Half Of All Retail And Healthcare Websites Always Vulnerable
Following up on yesterday’s post on the time to detect hackers inside your systems, a new report today says that about half of the web sites of Retail and Healthcare businesses are always vulnerable, mostly because of slow remediation rates.
WhiteHat Security’s report (see article) says that 47% of applications tested had cross site scripting vulnerabilities, 56% leaked information and 70% did not secure communications sufficiently.
The developers argued that the 70% number wasn’t fair because that included sites that had not fixed heartbleed from last year and heartbleed is really an infrastructure problem, not an application problem, (which kind of validates the slow remediation rate comment above).
But we have been talking about cross site scripting issues for years, so what are the developer’s excuses for that.
My take is that vulnerabilities are vulnerabilities and ONE person needs to be accountable for removing vulnerabilities.

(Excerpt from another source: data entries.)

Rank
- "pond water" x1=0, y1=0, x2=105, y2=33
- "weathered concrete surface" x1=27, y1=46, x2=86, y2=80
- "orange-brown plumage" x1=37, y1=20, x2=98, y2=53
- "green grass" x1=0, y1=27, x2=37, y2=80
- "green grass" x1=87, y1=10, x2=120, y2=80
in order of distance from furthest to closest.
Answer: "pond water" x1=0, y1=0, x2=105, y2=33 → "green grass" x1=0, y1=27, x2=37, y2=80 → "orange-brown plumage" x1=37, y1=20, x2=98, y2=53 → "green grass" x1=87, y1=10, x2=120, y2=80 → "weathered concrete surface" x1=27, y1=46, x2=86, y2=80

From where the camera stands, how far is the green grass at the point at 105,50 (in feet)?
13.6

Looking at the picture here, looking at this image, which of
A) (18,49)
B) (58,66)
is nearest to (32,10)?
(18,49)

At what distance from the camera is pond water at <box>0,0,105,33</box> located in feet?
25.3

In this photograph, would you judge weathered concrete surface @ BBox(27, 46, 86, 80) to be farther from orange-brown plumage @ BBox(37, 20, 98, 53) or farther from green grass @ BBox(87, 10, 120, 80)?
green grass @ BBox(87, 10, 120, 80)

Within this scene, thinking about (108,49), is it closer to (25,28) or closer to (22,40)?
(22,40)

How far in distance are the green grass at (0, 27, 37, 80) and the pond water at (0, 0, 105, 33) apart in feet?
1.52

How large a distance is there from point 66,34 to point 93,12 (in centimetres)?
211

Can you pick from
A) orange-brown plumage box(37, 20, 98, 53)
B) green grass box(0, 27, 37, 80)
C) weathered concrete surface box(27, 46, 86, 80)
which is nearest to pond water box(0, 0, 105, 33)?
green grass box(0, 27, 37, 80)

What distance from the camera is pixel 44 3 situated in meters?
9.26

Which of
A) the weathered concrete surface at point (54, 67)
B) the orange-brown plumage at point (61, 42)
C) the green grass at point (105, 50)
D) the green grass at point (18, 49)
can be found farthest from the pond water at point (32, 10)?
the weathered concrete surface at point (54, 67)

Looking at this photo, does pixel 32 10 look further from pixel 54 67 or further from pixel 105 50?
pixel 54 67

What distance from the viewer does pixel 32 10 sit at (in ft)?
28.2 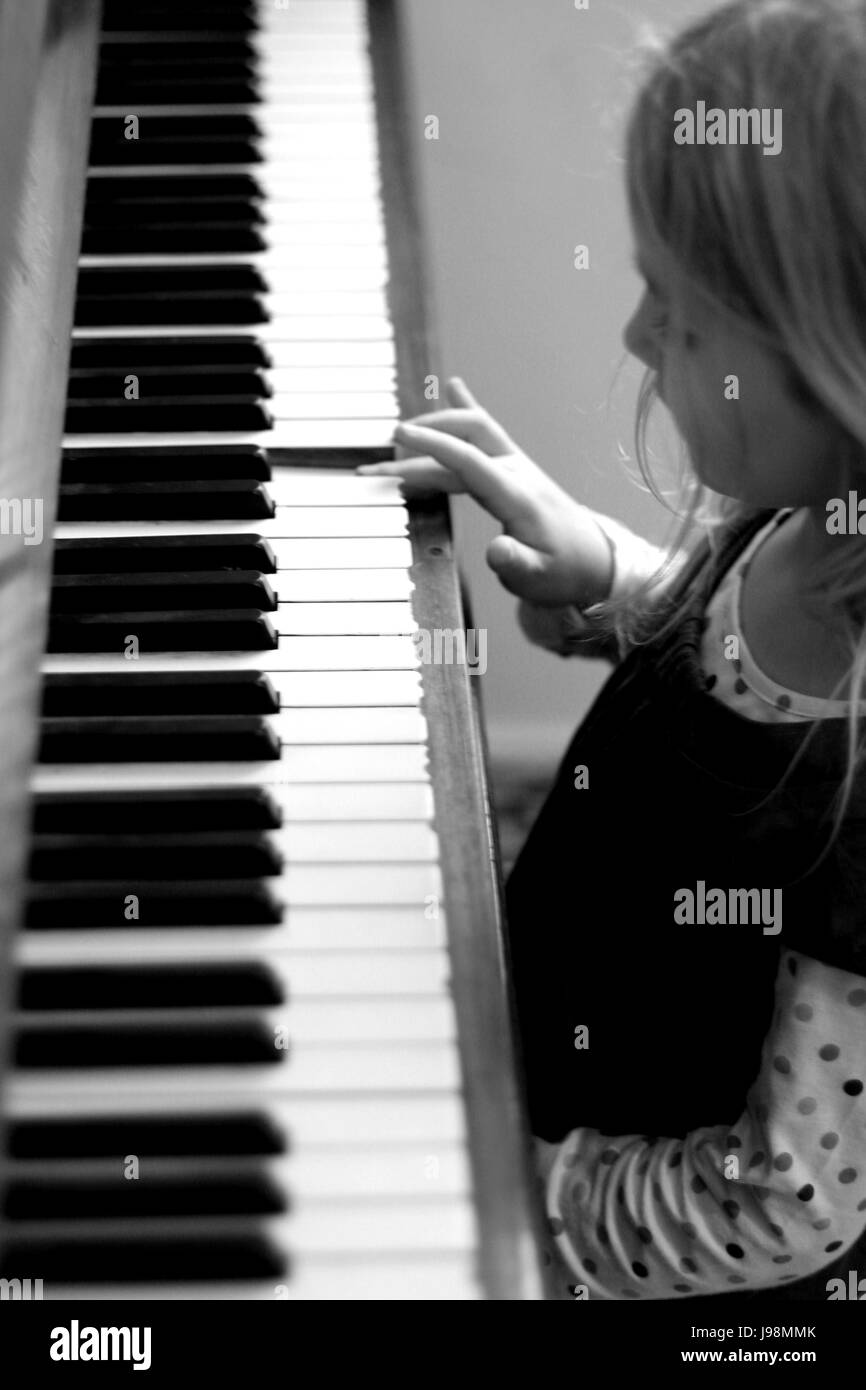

Whether it is the developer or some other person, it needs to be someone that you can corner and say fix it.
One thing that helps developers of custom apps/web sites is that each site is a one-off. If you figure out how to compromise Microsoft Office, you can use that to attack, say, “quite a few” people. If I attack Joe’s plumbing’s web site, all I get is Joe’s 50,000 customers to infect.
Still, people (hackers) build automated tools to crawl the web to find vulnerabilities, so Joe shouldn’t rest too easy. Also, Joe probably doesn’t understand static and dynamic code analysis techniques and other risk reduction techniques as well as Microsoft does, so there are probably way more vulnerabilities per 1,000 lines of code in Joe’s internal and public facing apps than in Office. And, we never seem to run out of vulnerabilities in Office, so what does that say about Joe’s apps.
So, if you are Joe, you shouldn’t rest – get to fixin’ those vulnerabilities!